**Exercise objective:**
Repeat the data word for word, excluding every picture.

**The data:**
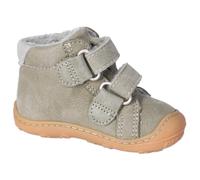 Pepino by Ricosta - Kid's Gedo - Winterschuhe, Gr. 22, grau/beige (Eukalyptus/LightGrey)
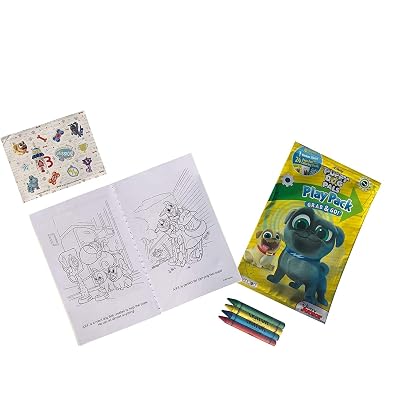 Download Buy 12 Pack Grab Go Play Packs Kids Coloring Books With Crayons Party Favor Bulk For Boys Girls Princess Superhero Cartoon Characters Bulk Activity Books For Kids Coloring Packs Bundle Online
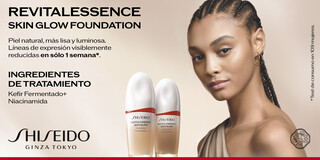 SHISEIDO REVITALESSENCE PACO PERFUMERIAS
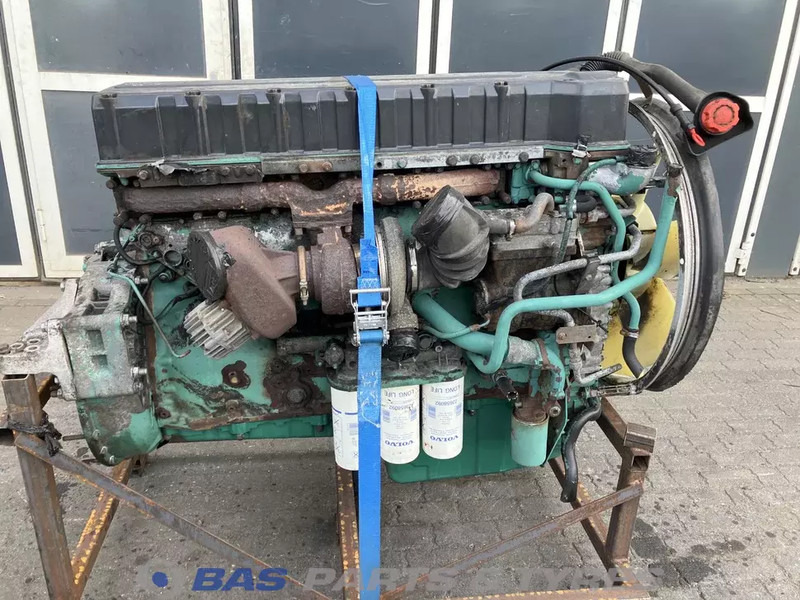 Volvo FH2 - Engine for Truck: picture 3 Volvo FH2 - Engine for Truck: picture 3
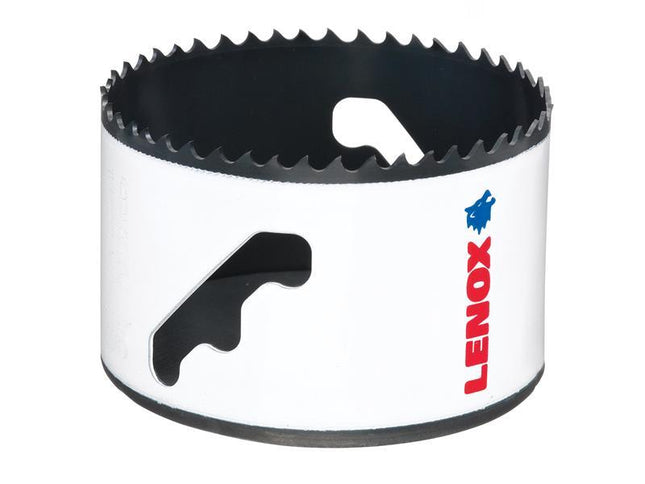 LENOX Bi-Metal Holesaw 76Mm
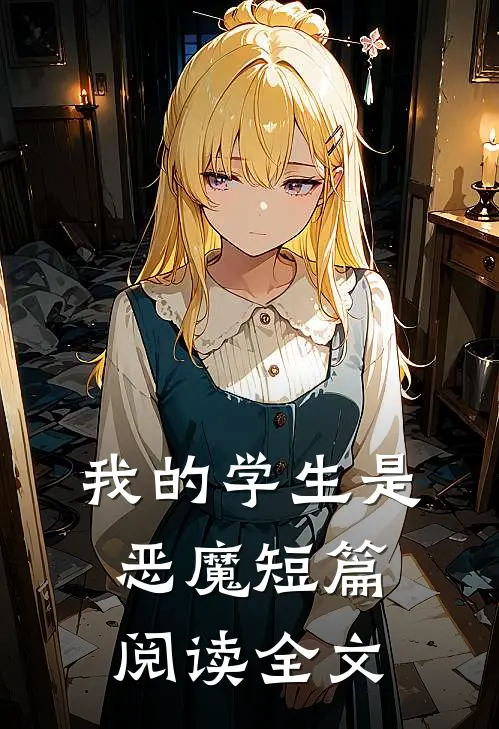 我的学生是恶魔短篇阅读全文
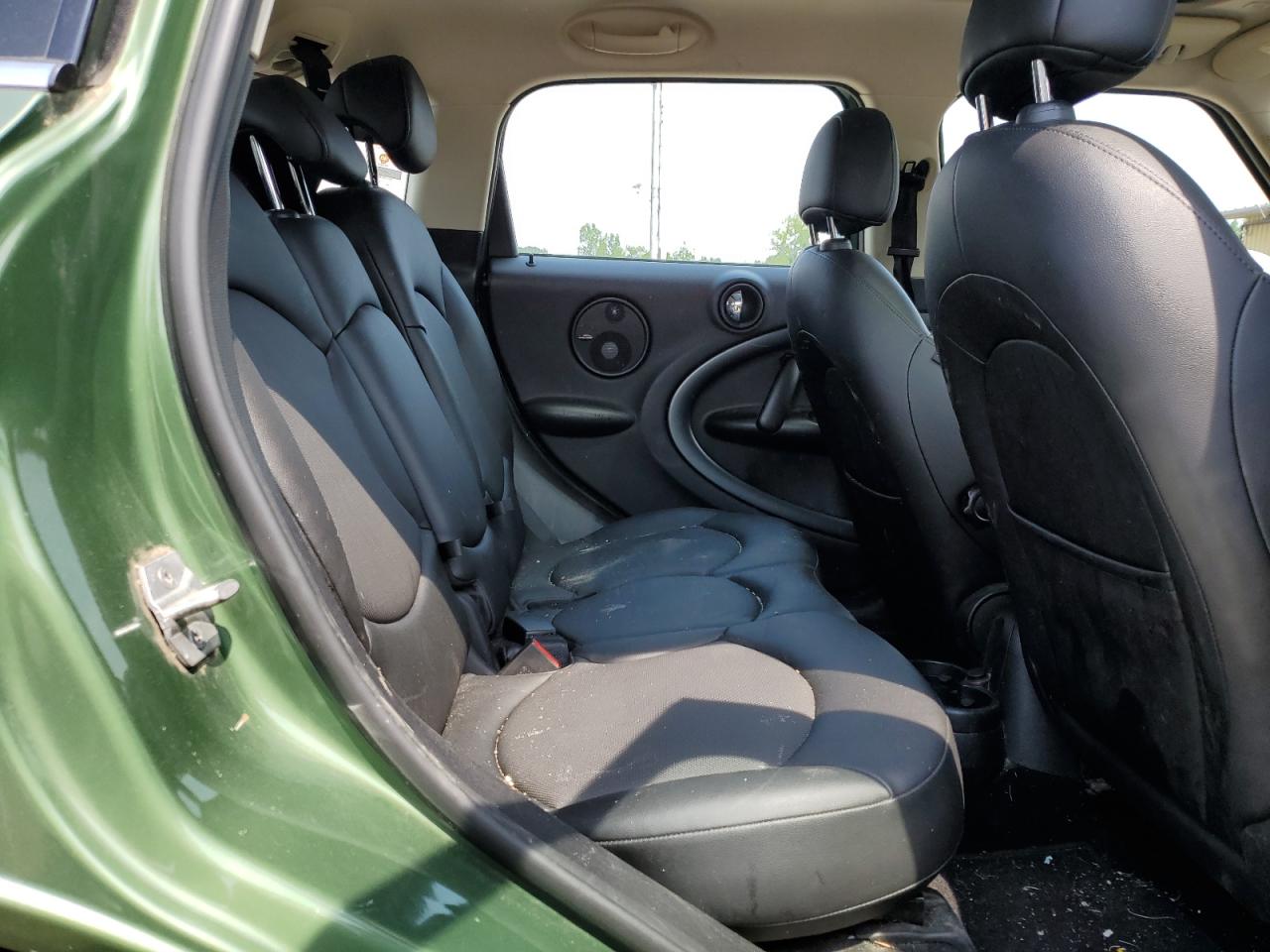 WMWZC5C57GWU02671 2016 Mini Cooper S Countryman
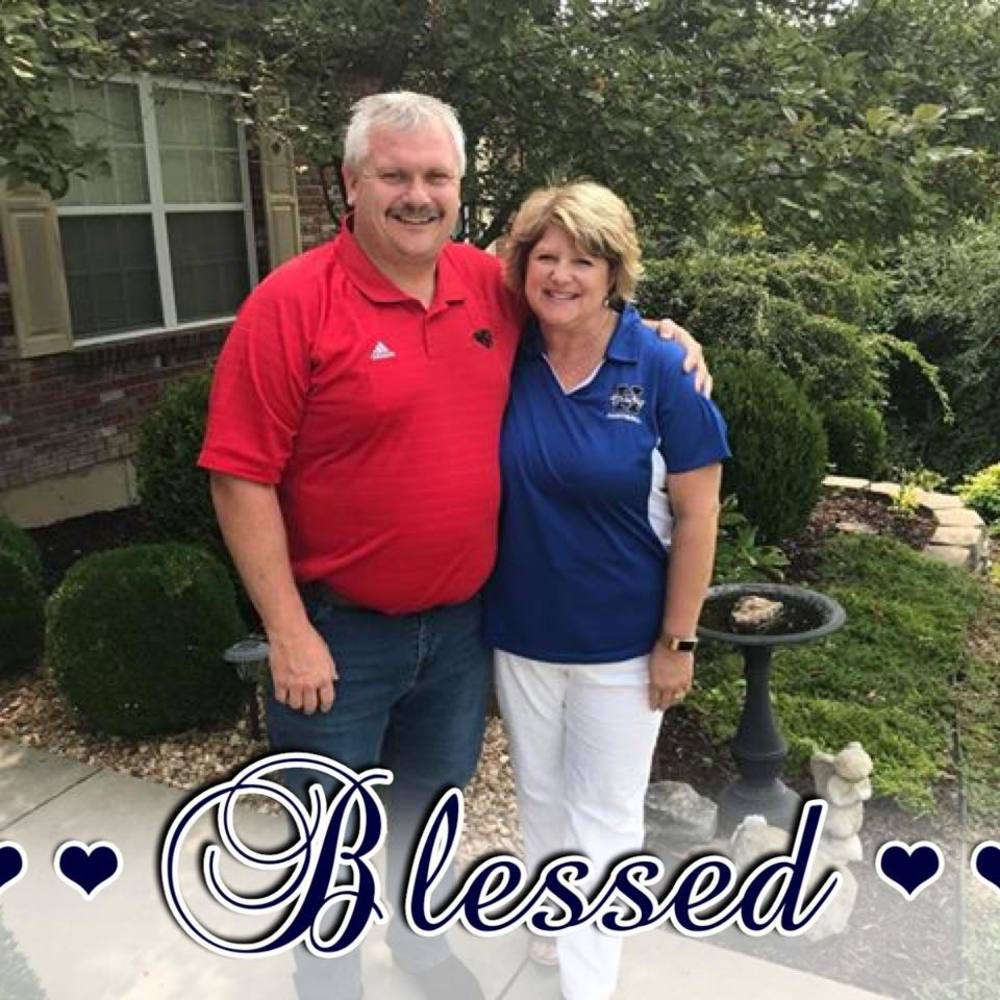 Meet your Posher, Cathy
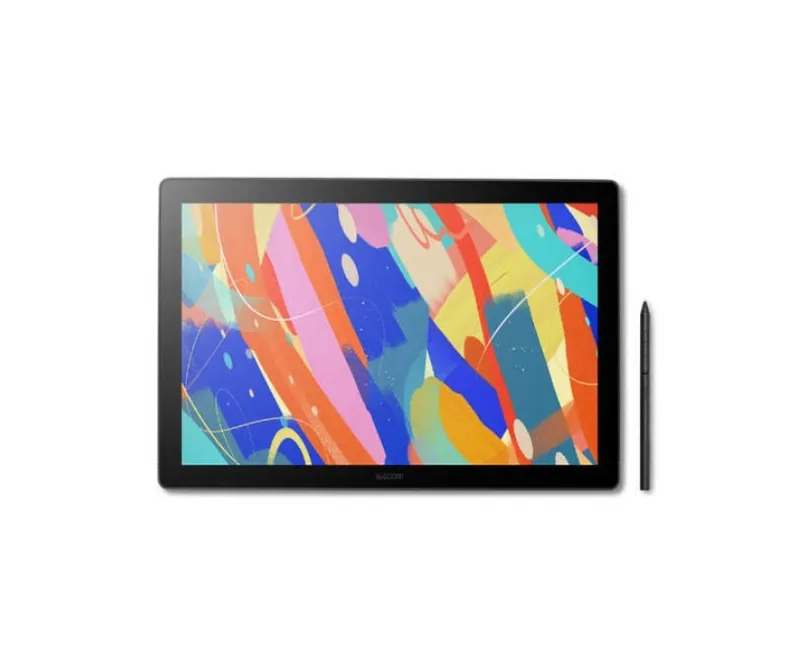 Cintiq 16 DTK168K4C [ブラック]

**Solution to this task:**
 Pepino by Ricosta - Kid's Gedo - Winterschuhe, Gr. 22, grau/beige (Eukalyptus/LightGrey)
 Download Buy 12 Pack Grab Go Play Packs Kids Coloring Books With Crayons Party Favor Bulk For Boys Girls Princess Superhero Cartoon Characters Bulk Activity Books For Kids Coloring Packs Bundle Online
 SHISEIDO REVITALESSENCE PACO PERFUMERIAS
 Volvo FH2 - Engine for Truck: picture 3 Volvo FH2 - Engine for Truck: picture 3
 LENOX Bi-Metal Holesaw 76Mm
 我的学生是恶魔短篇阅读全文
 WMWZC5C57GWU02671 2016 Mini Cooper S Countryman
 Meet your Posher, Cathy
 Cintiq 16 DTK168K4C [ブラック]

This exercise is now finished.